3rd Mayor of Mariupol
- Disputed
- Assumed office 15 December 2015
- Preceded by: Yuriy Khotlubei

Personal details
- Born: 5 June 1977 (age 49) Zhdanov, Ukrainian SSR, Soviet Union
- Party: Vadym Boychenko Bloc
- Education: Priazov State Technical University; Donetsk National University;
- Profession: Politician
- Website: https://t.me/VadymBoichenko

= Vadym Boychenko =

Ukrainian politician

Vadym Serhiyovych Boychenko (Вадим Сергійович Бойченко; born 5 June 1977) is a Ukrainian politician who serves as the de jure mayor of Mariupol in Donetsk Oblast, Ukraine since 2015. Boychenko served as mayor during the 2022 Russian invasion of Ukraine and Siege of Mariupol though not inside the city, during which the city has been "completely destroyed", according to President Volodymyr Zelenskyy.

==Early life==
Boychenko was born in Mariupol on 5 June 1977. He is a graduate of both the Priazov State Technical University and the Donetsk National University. He began employment at the Azovstal Iron and Steel Works as a locomotive engineer in 2005, going on to become Deputy Head of Transportation before leaving the company in 2010. He then held management positions at Metinvest and another steelworks company until his election as mayor in 2015.

==Mayor of Mariupol==
In 2013–2015, Boychenko was a member of the executive committee of the Mariupol City Council.
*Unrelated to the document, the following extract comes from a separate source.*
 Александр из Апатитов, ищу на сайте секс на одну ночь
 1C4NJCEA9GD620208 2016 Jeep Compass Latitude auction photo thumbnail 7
Boychenko was elected mayor of Mariupol on 15 December 2015. He was elected as a non-partisan self-nominated candidate with 69% of the vote.

Boychenko unsuccessfully took part in the 2019 Ukrainian parliamentary election for the Opposition Bloc party, No. 5 on the list as a non-partisan. The party won six single-seat constituencies, but its nationwide list only won 3.23% of the votes, failing to overcome the 5% election barrier.

Boychenko was re-elected for a second term in October 2020. He was a candidate for the Vadym Boychenko Bloc.

==Siege of Mariupol==
When Russian forces launched their full-scale invasion of Ukraine in 2022, Mariupol quickly became one of the most devastated cities in the conflict. As the siege intensified, Boychenko was forced to leave the city for his safety. From outside the encircled city, working from places like Dnipro and Zaporizhzhia, he became one of the key voices sharing what was happening inside Mariupol. Boychenko gave regular updates to journalists and international organizations, describing the worsening humanitarian crisis—people trapped without food, water, or electricity, and neighborhoods reduced to rubble. His reports helped bring global attention to the suffering of Mariupol's residents and the scale of the destruction caused by the siege.

In an interview in May 2022, Boychenko looked back at the early days of the invasion and the city's response. He mentioned how even one day prior to the invasion, he did not have other information available and believed that an invasion would not occur. He then discussed various topics relating to the war, including the coordination efforts following the beginning of invasion, the shortage of bomb shelters, his own family's war story, and how he is continuing to support the people of Mariupol in exile.